* [Task prompt]: Print every record exactly, with nothing added or left out.

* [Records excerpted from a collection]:
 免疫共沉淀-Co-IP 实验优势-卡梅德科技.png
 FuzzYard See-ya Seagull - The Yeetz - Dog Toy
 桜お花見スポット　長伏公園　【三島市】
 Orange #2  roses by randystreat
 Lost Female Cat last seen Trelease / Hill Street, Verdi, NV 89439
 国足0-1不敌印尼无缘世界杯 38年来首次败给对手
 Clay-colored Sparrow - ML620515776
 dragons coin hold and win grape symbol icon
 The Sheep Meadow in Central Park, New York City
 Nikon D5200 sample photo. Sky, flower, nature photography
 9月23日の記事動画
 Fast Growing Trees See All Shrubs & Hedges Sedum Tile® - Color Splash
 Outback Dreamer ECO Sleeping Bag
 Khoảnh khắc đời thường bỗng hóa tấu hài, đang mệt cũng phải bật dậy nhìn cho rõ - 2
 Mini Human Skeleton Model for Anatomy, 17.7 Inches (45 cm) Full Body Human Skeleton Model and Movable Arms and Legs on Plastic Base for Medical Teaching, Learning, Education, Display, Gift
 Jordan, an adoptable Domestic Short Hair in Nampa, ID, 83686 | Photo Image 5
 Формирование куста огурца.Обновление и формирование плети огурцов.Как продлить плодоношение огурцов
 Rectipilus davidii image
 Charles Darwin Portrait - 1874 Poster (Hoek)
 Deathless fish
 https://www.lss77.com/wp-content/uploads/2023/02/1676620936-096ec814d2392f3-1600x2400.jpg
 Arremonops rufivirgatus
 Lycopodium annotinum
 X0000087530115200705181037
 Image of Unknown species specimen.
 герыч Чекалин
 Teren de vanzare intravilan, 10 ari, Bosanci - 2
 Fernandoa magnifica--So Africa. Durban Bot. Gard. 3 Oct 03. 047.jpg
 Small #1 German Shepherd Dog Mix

* [Answer to the exercise]:
 免疫共沉淀-Co-IP 实验优势-卡梅德科技.png
 FuzzYard See-ya Seagull - The Yeetz - Dog Toy
 桜お花見スポット　長伏公園　【三島市】
 Orange #2  roses by randystreat
 Lost Female Cat last seen Trelease / Hill Street, Verdi, NV 89439
 国足0-1不敌印尼无缘世界杯 38年来首次败给对手
 Clay-colored Sparrow - ML620515776
 dragons coin hold and win grape symbol icon
 The Sheep Meadow in Central Park, New York City
 Nikon D5200 sample photo. Sky, flower, nature photography
 9月23日の記事動画
 Fast Growing Trees See All Shrubs & Hedges Sedum Tile® - Color Splash
 Outback Dreamer ECO Sleeping Bag
 Khoảnh khắc đời thường bỗng hóa tấu hài, đang mệt cũng phải bật dậy nhìn cho rõ - 2
 Mini Human Skeleton Model for Anatomy, 17.7 Inches (45 cm) Full Body Human Skeleton Model and Movable Arms and Legs on Plastic Base for Medical Teaching, Learning, Education, Display, Gift
 Jordan, an adoptable Domestic Short Hair in Nampa, ID, 83686 | Photo Image 5
 Формирование куста огурца.Обновление и формирование плети огурцов.Как продлить плодоношение огурцов
 Rectipilus davidii image
 Charles Darwin Portrait - 1874 Poster (Hoek)
 Deathless fish
 https://www.lss77.com/wp-content/uploads/2023/02/1676620936-096ec814d2392f3-1600x2400.jpg
 Arremonops rufivirgatus
 Lycopodium annotinum
 X0000087530115200705181037
 Image of Unknown species specimen.
 герыч Чекалин
 Teren de vanzare intravilan, 10 ari, Bosanci - 2
 Fernandoa magnifica--So Africa. Durban Bot. Gard. 3 Oct 03. 047.jpg
 Small #1 German Shepherd Dog Mix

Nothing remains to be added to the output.